Data —
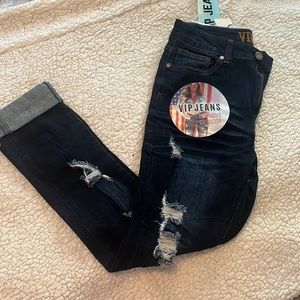 Juniors VIP destructed jeans
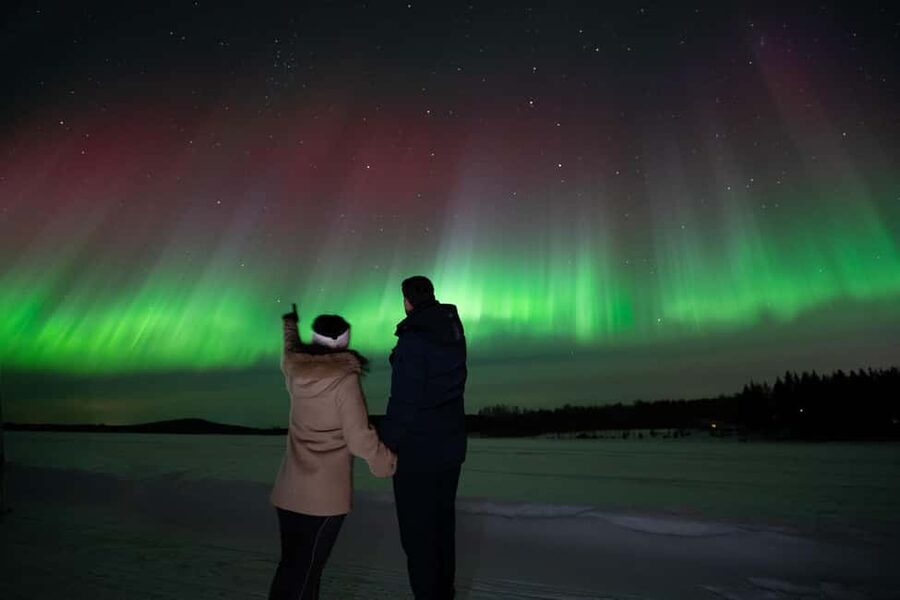 Rovaniemi: Aurora Hunt - Free Photos, 100% Guaranteed Refund - The drive is part of the strategy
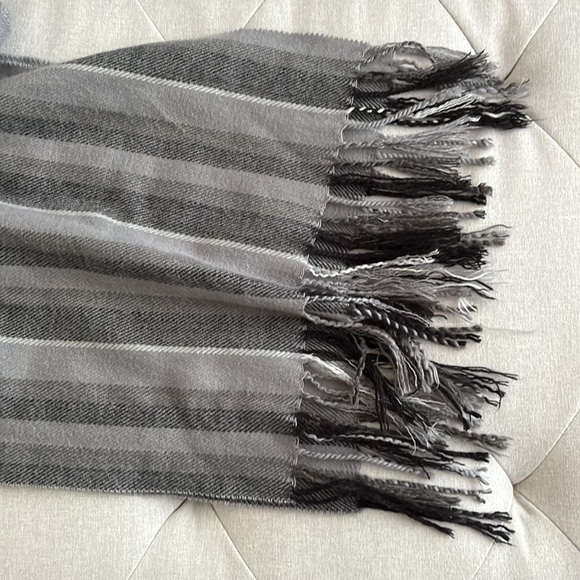 Scarf printed shawl gray black - Picture 5 of 6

What you have to do —
Each line above is to be copied exactly, and the pictures are to be dropped.

Solution —
 Juniors VIP destructed jeans
 Rovaniemi: Aurora Hunt - Free Photos, 100% Guaranteed Refund - The drive is part of the strategy
 Scarf printed shawl gray black - Picture 5 of 6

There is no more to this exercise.